How the phase is determined

The various "Niño regions" where sea surface temperatures are monitored to determine the current ENSO phase (warm or cold)

Within the National Oceanic and Atmospheric Administration in the United States, sea surface temperatures in the Niño 3.4 region, which stretches from the 120th to 150th meridians west longitude astride the equator five degrees of latitude on either side, is monitored. This region is approximately 3,000 kilometres (1,900 mi) to the southeast of Hawaii. The most recent three-month average for the area is computed, and if the region is more than 0.5 °C (0.9 °F) above (or below) normal for that period, then an El Niño (or La Niña) is considered in progress.[21] The United Kingdom's MetOffice also uses a several month period to determine ENSO state.[22] When this warming or cooling occurs for only seven to nine months, it is classified as El Niño/La Niña "conditions"; when it occurs for more than that period, it is classified as El Niño/La Niña "episodes".[23]

Neutral phase

Average equatorial Pacific temperatures

If the temperature variation from climatology is within 0.5 °C (0.9 °F), ENSO conditions are described as neutral. Neutral conditions are the transition between warm and cold phases of ENSO. Ocean temperatures (by definition), tropical precipitation, and wind patterns are near average conditions during this phase.[24] Close to half of all years are within neutral periods.[25] During the neutral ENSO phase, other climate anomalies/patterns such as the sign of the North Atlantic Oscillation or the Pacific–North American teleconnection pattern exert more influence.[26]

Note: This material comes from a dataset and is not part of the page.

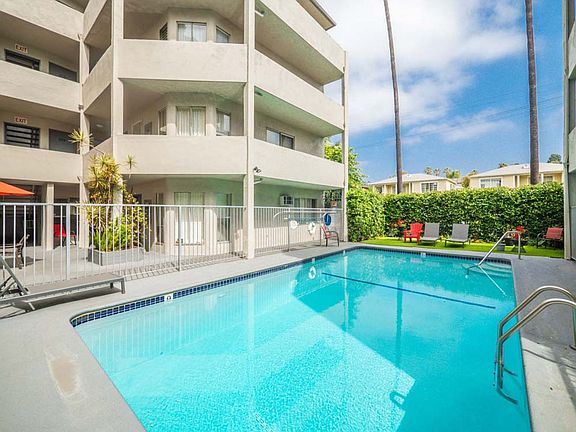 4th image of 1815 N Harvard Blvd #17110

The 1997 El Niño observed by TOPEX/Poseidon

Warm phase

When the Walker circulation weakens or reverses and the Hadley circulation strengthens an El Niño results,[27] causing the ocean surface to be warmer than average, as upwelling of cold water occurs less or not at all offshore northwestern South America. El Niño (, , Spanish pronunciation: ) is associated with a band of warmer than average ocean water temperatures that periodically develops off the Pacific coast of South America. El niño is Spanish for "the boy", and the capitalized term El Niño refers to the Christ child, Jesus, because periodic warming in the Pacific near South America is usually noticed around Christmas.[28] It is a phase of 'El Niño–Southern Oscillation' (ENSO), which refers to variations in the temperature of the surface of the tropical eastern Pacific Ocean and in air surface pressure in the tropical western Pacific. The warm oceanic phase, El Niño, accompanies high air surface pressure in the western Pacific.[1][29] Mechanisms that cause the oscillation remain under study.

Cold phase

An especially strong Walker circulation causes a La Niña, resulting in cooler ocean temperatures due to increased upwelling. La Niña (, Spanish pronunciation: ) is a coupled ocean-atmosphere phenomenon that is the counterpart of El Niño as part of the broader El Niño Southern Oscillation climate pattern. The name La Niña originates from Spanish, meaning "the girl", analogous to El Niño meaning "the boy". It has also in the past been called anti-El Niño, and El Viejo (meaning "the old man").[30] During a period of La Niña, the sea surface temperature across the equatorial eastern central Pacific will be lower than normal by 3–5 °C. In the United States, an appearance of La Niña happens for at least five months of La Niña conditions. La Niña, sometimes informally called "anti-El Niño", is the opposite of El Niño, with a sea surface temperature anomaly of at least 0.5 °C (0.9 °F) below normal and its effects are often the reverse of those of El Niño.


On precipitation

Regional impacts of La Niña.

Developing countries dependent upon agriculture and fishing, particularly those bordering the Pacific Ocean, are the most affected by ENSO. The effects of El Niño in South America are direct and strong. An El Niño is associated with warm and very wet weather months in April–October along the coasts of northern Peru and Ecuador, causing major flooding whenever the event is strong or extreme.[31] La Niña causes a drop in sea surface temperatures over Southeast Asia and heavy rains over Malaysia, the Philippines, and Indonesia.[32]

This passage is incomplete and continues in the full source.